Theorem 1: For every two real numbers $a$ and $b$ with $a \lt b$, there exists a rational number $r$ satisfying $a \lt r \lt b$.

Basically, there's a Hypothesis (the "if" part) and a Conclusion (the "then" part). So if I were to, say, prove this theorem using contradiction, I would start by negating the conclusion and then proceeding logically until a contradiction is found with the hypothesis (contrapositive proof) or some other accepted fact. The hypothesis and conclusion can be seen very easily here. Let us take a different example.

Theorem 2: There exists no rational number $r$ whose square is $2$.

I am having a hard time seeing what the hypothesis is in this case. Maybe if this theorem is worded in a different way, it might be obvious but that's just my opinion.

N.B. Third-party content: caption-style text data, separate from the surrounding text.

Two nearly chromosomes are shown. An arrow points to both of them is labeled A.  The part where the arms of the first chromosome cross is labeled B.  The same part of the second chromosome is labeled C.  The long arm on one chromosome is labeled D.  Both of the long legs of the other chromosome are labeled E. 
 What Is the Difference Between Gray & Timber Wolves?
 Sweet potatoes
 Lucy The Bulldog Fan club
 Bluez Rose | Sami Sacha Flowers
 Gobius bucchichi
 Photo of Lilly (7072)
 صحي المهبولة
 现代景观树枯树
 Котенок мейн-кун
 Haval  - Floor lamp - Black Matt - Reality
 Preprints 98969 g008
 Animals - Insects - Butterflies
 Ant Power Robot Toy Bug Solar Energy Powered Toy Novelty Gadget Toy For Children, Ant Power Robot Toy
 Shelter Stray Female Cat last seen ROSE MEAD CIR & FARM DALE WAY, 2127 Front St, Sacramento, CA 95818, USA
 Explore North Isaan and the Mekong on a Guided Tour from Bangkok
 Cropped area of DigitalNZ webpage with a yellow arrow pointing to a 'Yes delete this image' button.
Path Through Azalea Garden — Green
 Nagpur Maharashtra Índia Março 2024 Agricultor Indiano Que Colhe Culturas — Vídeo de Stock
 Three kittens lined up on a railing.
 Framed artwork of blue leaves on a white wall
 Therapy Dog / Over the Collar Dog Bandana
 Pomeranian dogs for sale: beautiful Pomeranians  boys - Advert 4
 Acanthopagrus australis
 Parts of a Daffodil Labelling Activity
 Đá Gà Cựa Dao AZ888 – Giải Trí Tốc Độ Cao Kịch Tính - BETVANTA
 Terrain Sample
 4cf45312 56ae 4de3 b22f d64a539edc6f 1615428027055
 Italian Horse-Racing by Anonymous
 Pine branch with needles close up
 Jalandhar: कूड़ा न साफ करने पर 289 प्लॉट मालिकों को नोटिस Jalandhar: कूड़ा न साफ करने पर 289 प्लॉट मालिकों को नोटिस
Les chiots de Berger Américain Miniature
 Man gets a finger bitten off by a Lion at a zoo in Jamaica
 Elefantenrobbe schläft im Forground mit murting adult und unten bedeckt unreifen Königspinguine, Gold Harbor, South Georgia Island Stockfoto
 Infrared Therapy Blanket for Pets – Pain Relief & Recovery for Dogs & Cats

And if you're familiar with the proof of this theorem, the contradiction comes from the fact that we had supposed a rational number $\frac pq$ in lowest terms but after proceeding logically, we find a factor of $2$ common between $p$ and $q$ which goes against our assumption that we started with and so our proof ends.

So my questions are:

  1. Are all "Theorems" necessarily in the "if-then" form?
  2. What is the Hypothesis in Theorem $2$? Is the proof for this theorem a contrapositive proof?

I heartily welcome any extra information in relation to this question.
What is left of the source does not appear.